ZikangZhou / HiVT

[CVPR 2022] HiVT: Hierarchical Vector Transformer for Multi-Agent Motion Prediction
https://openaccess.thecvf.com/content/CVPR2022/papers/Zhou_HiVT_Hierarchical_Vector_Transformer_for_Multi-Agent_Motion_Prediction_CVPR_2022_paper.pdf
Apache License 2.0
577 stars 115 forks source link

Number of local regions #6

Closed cyrushx closed 2 years ago

cyrushx commented 2 years ago

Is the number of local regions N the same as the number of agents (target + context) in Argoverse? If so, would you mind pointing to the code where the local data in each region is computed?

There is a single agent to predict in Argoverse. Are you trying to predict all the agents, including the context agents, with your model and compute the joint loss over all agents?

Thanks!

ZikangZhou commented 2 years ago

During data preprocessing, all objects (including AV, AGENT, and OTHER) are treated equivalently, and the model will make predictions for all objects (though the data quality of some context objects is not so good in Argoverse 1.1). This is similar to some baselines like LaneGCN and Scene Transformer, but we don't normalize the scene according to the position and heading of the "focal agent" defined by the benchmark when preprocessing data. The loss is still a marginal loss, but you can also use a joint loss if you want, just like what is done by Scene Transformer.

The Argoverse benchmark is for single-agent prediction.
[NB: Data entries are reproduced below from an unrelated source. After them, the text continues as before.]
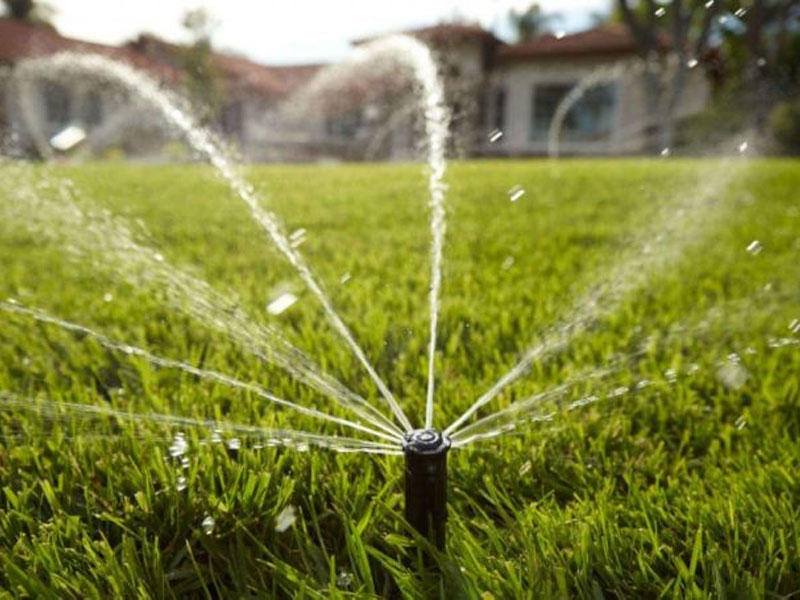 اليابان تروي محاصيلها بالفودكا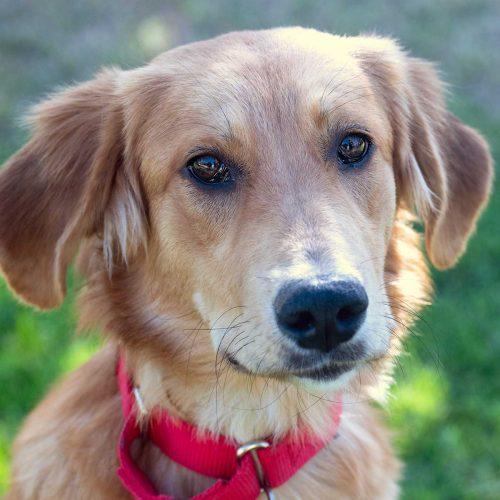Golden Retriever Mix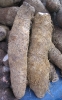 Filière Tubercules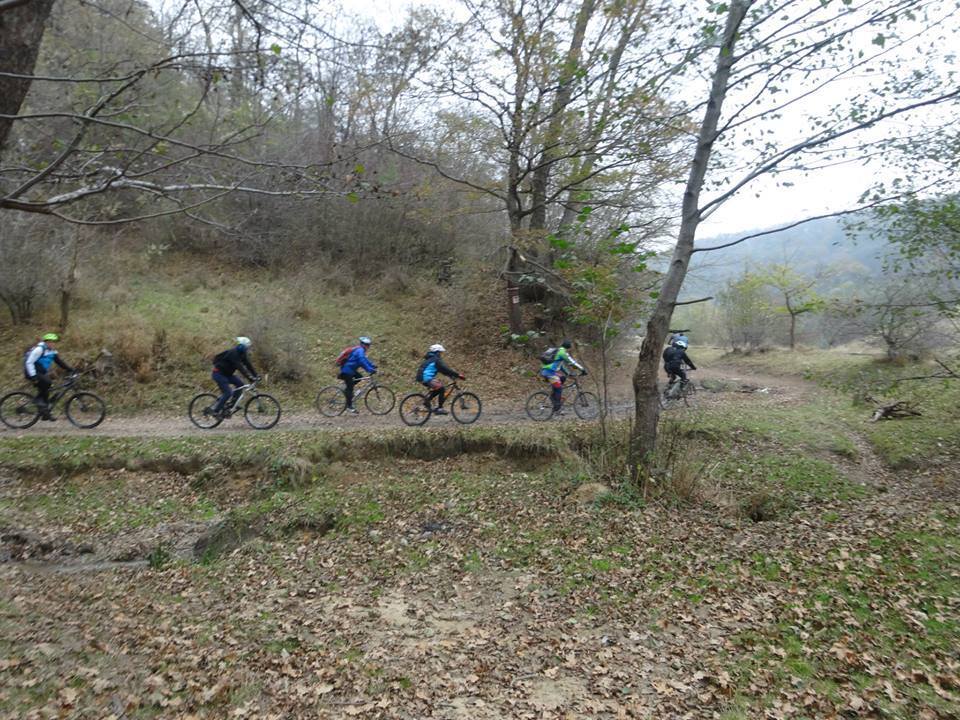 Tur cu biciclete Mocănița - Valea Hârtibaciului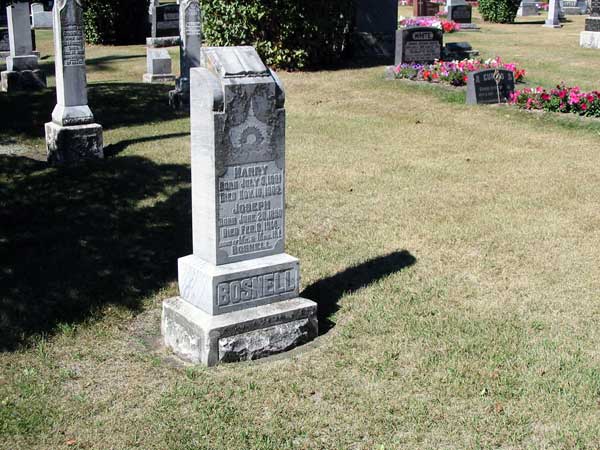 The grave marker for Harry Bosnell and his brother Joseph in the Neepawa Cemetery.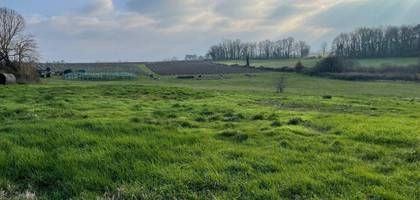 Terrain seul à Saint-Sauveur-de-Puynormand en Gironde (33) de 0 m² à vendre au prix de 25000€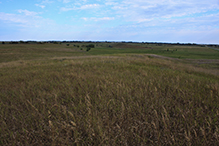 Yellow Bank Hills SNA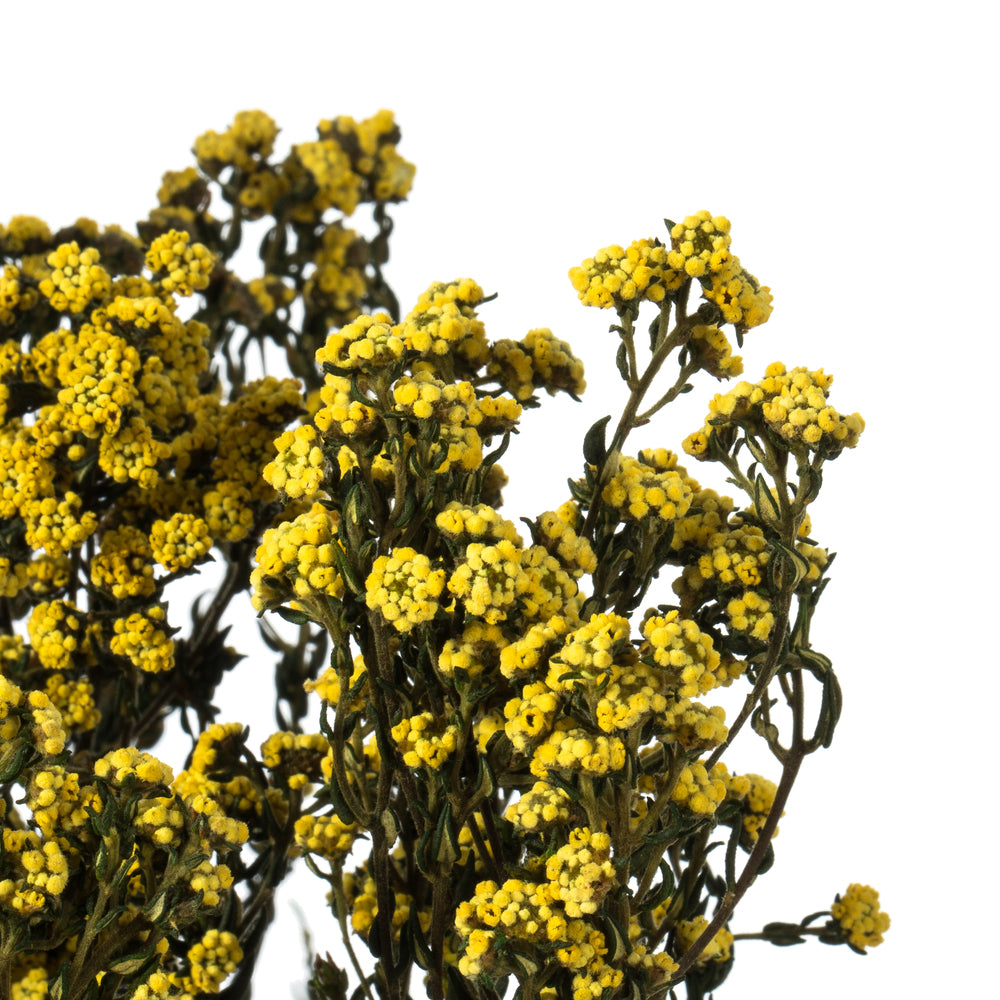 Yellow Phylica Bundle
For this reason, although we model all objects symmetrically and make predictions for all of them, during evaluation we only evaluate the prediction accuracy of the focal agent such that the performance number is comparable with other works.

This repo uses PyG, and the computation of local data is equivalent to building radius graph by modifying the edge index (here and here). Alternately, you can use Pytorch Cluster to play with the edge index and achieve similar or more sophisticated functionality.

cyrushx commented 2 years ago

Thank you!